WORK REQUIRED
Although the data below holds other lines too, output only those from the line with "Image of Back" up to and including the line with "Natural Elements Rodent", exactly as they appear.

EXTRACTED DATA
===

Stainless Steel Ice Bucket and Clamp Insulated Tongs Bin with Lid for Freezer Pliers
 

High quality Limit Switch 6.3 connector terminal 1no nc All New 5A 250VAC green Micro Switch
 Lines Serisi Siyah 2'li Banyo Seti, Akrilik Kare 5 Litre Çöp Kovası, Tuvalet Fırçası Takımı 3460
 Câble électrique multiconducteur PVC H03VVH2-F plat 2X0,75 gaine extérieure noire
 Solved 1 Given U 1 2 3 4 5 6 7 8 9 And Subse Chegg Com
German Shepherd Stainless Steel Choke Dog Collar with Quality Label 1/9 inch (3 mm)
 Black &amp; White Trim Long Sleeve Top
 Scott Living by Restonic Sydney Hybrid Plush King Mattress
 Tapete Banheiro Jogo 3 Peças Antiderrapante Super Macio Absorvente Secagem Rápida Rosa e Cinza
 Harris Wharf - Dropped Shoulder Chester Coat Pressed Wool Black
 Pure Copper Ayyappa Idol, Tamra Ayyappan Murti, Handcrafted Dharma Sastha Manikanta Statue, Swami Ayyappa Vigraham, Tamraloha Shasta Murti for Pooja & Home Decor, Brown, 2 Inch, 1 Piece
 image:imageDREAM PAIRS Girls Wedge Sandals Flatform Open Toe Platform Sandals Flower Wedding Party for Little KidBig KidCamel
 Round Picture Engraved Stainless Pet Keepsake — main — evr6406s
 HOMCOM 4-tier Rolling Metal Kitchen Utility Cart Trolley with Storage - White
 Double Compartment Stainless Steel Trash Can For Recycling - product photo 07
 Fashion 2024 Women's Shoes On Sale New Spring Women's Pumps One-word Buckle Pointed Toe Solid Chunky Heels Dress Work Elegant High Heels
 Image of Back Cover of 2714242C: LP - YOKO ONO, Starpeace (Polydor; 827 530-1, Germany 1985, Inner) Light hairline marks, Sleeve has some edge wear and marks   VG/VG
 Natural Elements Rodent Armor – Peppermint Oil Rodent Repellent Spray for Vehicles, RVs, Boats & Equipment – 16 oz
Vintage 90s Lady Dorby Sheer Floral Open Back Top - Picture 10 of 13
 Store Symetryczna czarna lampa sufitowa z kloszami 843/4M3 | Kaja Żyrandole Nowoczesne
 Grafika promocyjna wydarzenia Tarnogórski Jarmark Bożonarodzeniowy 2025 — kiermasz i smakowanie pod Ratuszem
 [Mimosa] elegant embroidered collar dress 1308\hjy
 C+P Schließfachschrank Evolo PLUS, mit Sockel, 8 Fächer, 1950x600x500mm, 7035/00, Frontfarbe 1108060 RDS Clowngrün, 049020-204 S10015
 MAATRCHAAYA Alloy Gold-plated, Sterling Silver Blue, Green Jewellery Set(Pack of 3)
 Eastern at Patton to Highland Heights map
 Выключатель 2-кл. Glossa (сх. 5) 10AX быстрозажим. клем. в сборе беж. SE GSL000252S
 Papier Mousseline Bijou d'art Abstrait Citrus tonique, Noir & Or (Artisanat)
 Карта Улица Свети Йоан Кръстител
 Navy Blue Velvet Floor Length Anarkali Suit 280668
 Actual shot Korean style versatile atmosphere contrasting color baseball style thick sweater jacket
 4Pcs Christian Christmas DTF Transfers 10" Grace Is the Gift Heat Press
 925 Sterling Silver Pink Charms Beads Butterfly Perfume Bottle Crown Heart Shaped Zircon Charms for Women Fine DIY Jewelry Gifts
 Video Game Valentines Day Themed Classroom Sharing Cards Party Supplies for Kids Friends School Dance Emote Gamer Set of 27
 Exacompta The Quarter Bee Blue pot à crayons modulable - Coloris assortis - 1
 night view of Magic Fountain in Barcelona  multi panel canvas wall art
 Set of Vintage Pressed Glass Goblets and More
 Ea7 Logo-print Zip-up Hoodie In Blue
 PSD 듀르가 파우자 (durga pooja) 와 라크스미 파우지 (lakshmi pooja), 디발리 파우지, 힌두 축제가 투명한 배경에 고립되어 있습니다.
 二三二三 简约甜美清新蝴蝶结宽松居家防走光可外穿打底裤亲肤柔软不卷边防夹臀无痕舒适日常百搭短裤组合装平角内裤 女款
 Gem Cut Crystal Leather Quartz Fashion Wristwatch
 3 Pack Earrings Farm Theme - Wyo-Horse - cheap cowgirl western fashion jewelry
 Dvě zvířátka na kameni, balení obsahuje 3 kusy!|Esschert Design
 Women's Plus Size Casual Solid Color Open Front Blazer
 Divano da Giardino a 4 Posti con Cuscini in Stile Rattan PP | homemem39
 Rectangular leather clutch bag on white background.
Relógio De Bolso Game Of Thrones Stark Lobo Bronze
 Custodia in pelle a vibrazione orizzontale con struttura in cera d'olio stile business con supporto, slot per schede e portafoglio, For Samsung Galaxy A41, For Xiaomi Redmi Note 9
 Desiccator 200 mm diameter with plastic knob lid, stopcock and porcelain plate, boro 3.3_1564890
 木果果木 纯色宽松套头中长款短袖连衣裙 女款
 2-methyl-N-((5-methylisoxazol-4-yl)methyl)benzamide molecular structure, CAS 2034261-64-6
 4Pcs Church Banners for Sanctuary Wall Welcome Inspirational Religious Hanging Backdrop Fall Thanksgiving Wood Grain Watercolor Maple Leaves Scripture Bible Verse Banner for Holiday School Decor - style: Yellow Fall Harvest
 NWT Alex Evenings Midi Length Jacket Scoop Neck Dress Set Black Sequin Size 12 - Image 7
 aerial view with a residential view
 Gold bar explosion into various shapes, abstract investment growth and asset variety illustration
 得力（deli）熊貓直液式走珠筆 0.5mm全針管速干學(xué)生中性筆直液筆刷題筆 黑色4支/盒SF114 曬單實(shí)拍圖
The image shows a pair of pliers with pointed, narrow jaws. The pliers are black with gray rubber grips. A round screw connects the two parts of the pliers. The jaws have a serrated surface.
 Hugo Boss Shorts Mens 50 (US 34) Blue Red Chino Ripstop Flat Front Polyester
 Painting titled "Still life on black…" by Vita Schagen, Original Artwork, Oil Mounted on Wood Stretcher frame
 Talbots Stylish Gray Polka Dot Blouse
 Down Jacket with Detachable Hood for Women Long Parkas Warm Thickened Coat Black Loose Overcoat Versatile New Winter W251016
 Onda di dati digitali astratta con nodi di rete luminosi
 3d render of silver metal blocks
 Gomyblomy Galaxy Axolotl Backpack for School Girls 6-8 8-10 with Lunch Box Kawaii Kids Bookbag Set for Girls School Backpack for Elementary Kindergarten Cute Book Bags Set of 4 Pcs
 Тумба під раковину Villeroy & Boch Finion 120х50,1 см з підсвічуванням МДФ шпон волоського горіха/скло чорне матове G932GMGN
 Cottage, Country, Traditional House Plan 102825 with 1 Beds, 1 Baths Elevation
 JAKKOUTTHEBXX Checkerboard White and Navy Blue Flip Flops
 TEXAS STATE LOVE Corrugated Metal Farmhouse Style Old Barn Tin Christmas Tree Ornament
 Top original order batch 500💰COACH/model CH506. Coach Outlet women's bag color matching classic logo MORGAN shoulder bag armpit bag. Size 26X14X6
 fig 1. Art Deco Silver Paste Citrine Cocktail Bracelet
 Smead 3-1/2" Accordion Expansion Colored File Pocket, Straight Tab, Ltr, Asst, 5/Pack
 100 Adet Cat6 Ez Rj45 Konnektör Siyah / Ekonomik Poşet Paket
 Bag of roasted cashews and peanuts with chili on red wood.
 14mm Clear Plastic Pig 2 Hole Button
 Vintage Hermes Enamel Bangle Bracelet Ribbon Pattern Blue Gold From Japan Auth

===

REPLY
 Image of Back Cover of 2714242C: LP - YOKO ONO, Starpeace (Polydor; 827 530-1, Germany 1985, Inner) Light hairline marks, Sleeve has some edge wear and marks   VG/VG
 Natural Elements Rodent Armor – Peppermint Oil Rodent Repellent Spray for Vehicles, RVs, Boats & Equipment – 16 oz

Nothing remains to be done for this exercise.